◆ EXERCISE GOAL ◆
Somewhere below is a line with "Chateau D'Esclans Rock" and, later, a line with "Right On! 2"; repeat those two lines and all the lines between them, exactly as they are.

◆ ENTRIES PROVIDED ◆
------------------------------

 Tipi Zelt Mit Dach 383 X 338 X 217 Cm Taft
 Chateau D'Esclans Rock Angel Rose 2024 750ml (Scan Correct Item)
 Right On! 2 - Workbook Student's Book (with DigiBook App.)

------------------------------

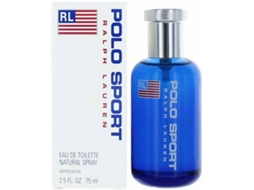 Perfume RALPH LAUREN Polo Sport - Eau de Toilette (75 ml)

------------------------------

◆ SOLVED PROBLEM ◆
 Chateau D'Esclans Rock Angel Rose 2024 750ml (Scan Correct Item)
 Right On! 2 - Workbook Student's Book (with DigiBook App.)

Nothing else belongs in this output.